*** Available data

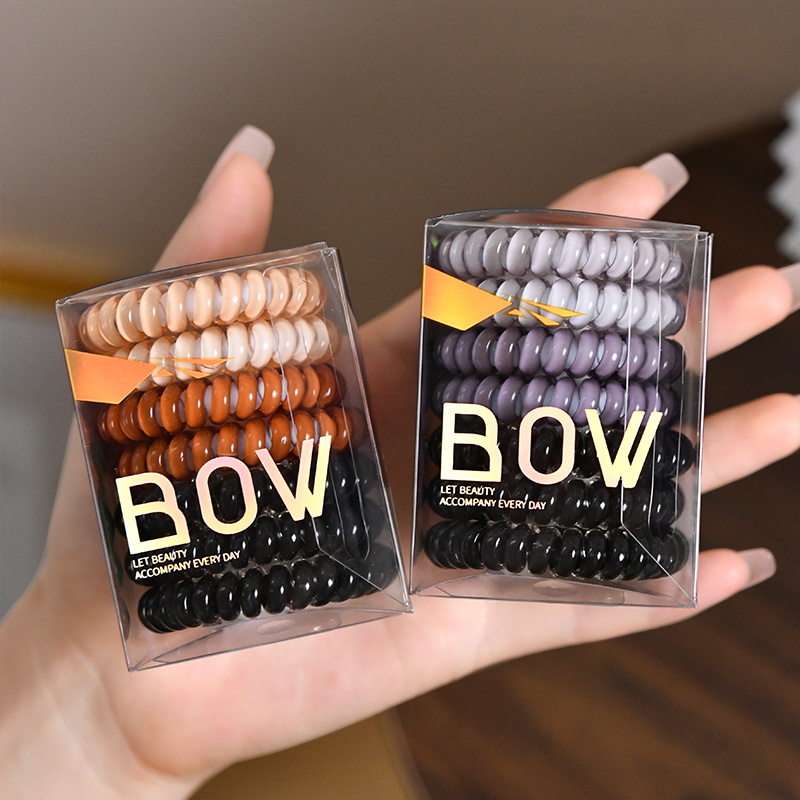 环保硅胶tpu材质高弹不塌发圈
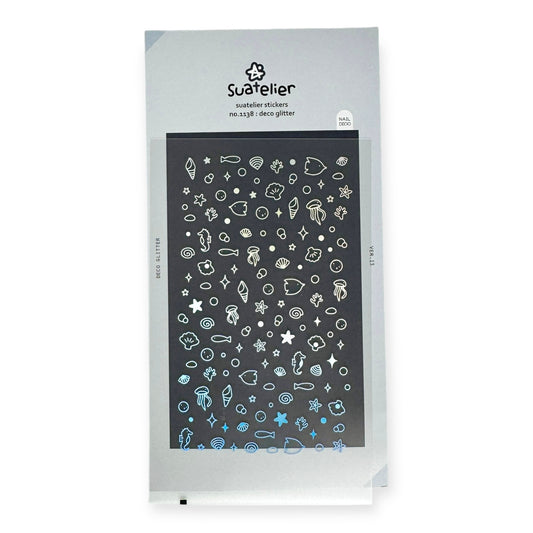 Suatelier Deco Glitter Sticker/Nail Deco (No. 1138)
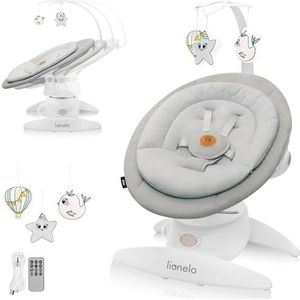 Lionelo Mell - Wipstoel - elektrische schommelstoel - met melodieën - tot 9 kg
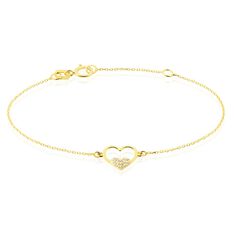 Bracelet Or Jaune Saponaire Oxydes De Zirconium - Bracelets chaînes Enfant | Marc Orian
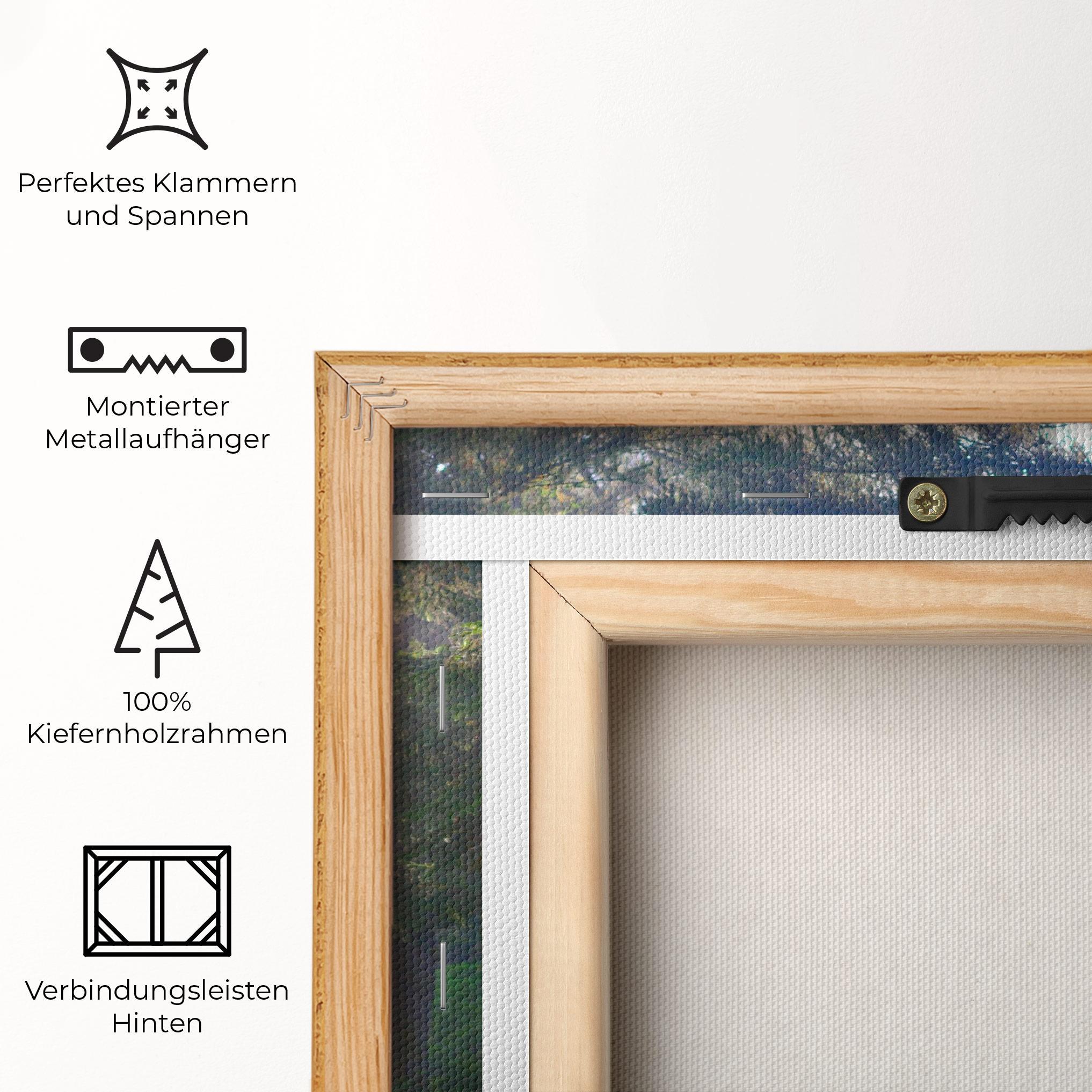 Leinwandbild Forest Light mockup 5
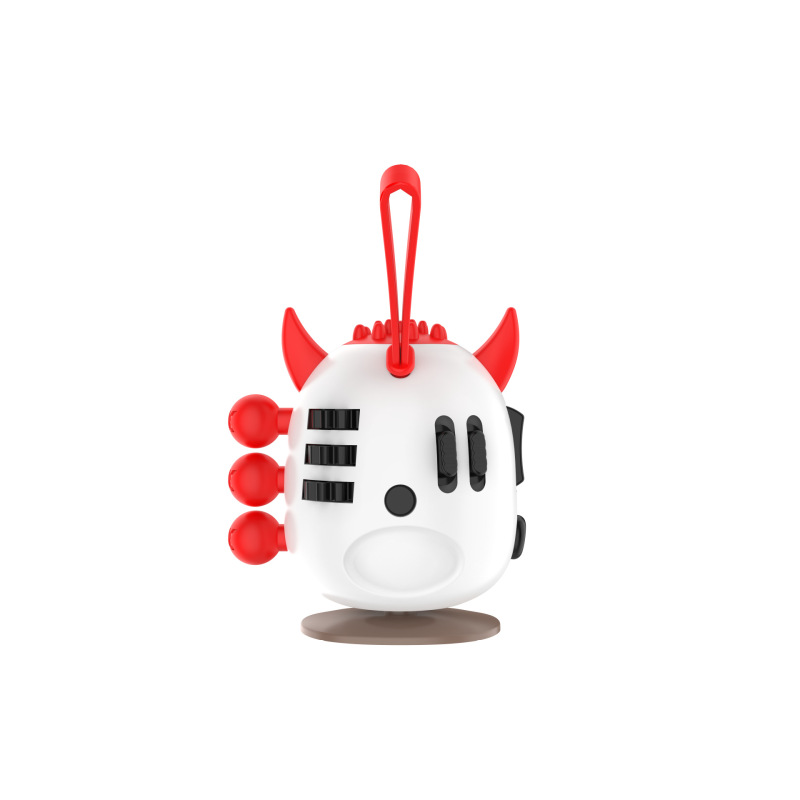 Little Devil Fidget Cube Keychain with Push Buttons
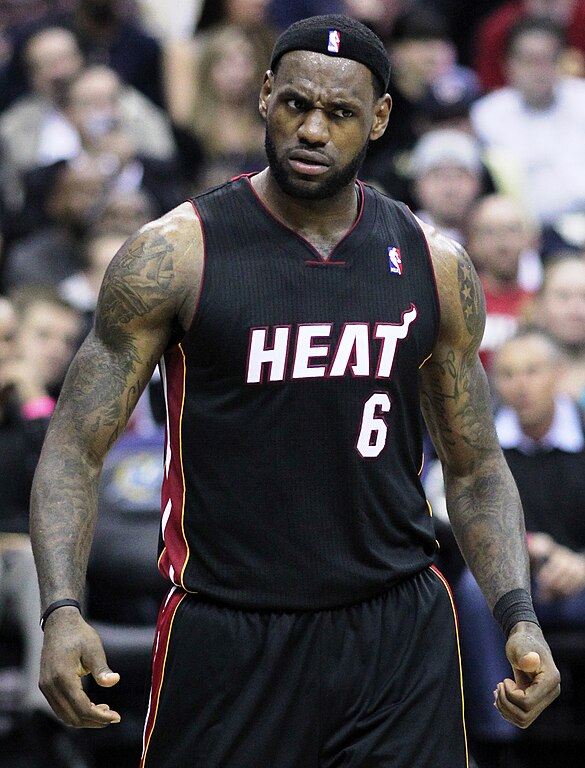 Tattoos of Lebron James with Miami Heat #6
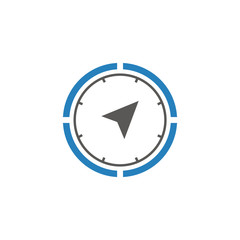 Compass icon, Compass symbol Vector. For web and mobile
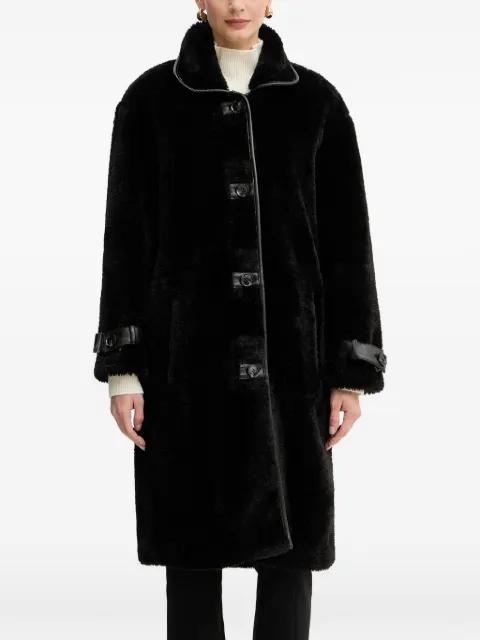 Teddy button cuff coat by LIU JO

******

* _Task instructions_:
Find the line containing "Suatelier Deco Glitter" in the records above, then copy it and every line after it exactly, through the last one, without any pictures.

* _Reply to the task_:
 Suatelier Deco Glitter Sticker/Nail Deco (No. 1138)
 Lionelo Mell - Wipstoel - elektrische schommelstoel - met melodieën - tot 9 kg
 Bracelet Or Jaune Saponaire Oxydes De Zirconium - Bracelets chaînes Enfant | Marc Orian
 Leinwandbild Forest Light mockup 5
 Little Devil Fidget Cube Keychain with Push Buttons
 Tattoos of Lebron James with Miami Heat #6
 Compass icon, Compass symbol Vector. For web and mobile
 Teddy button cuff coat by LIU JO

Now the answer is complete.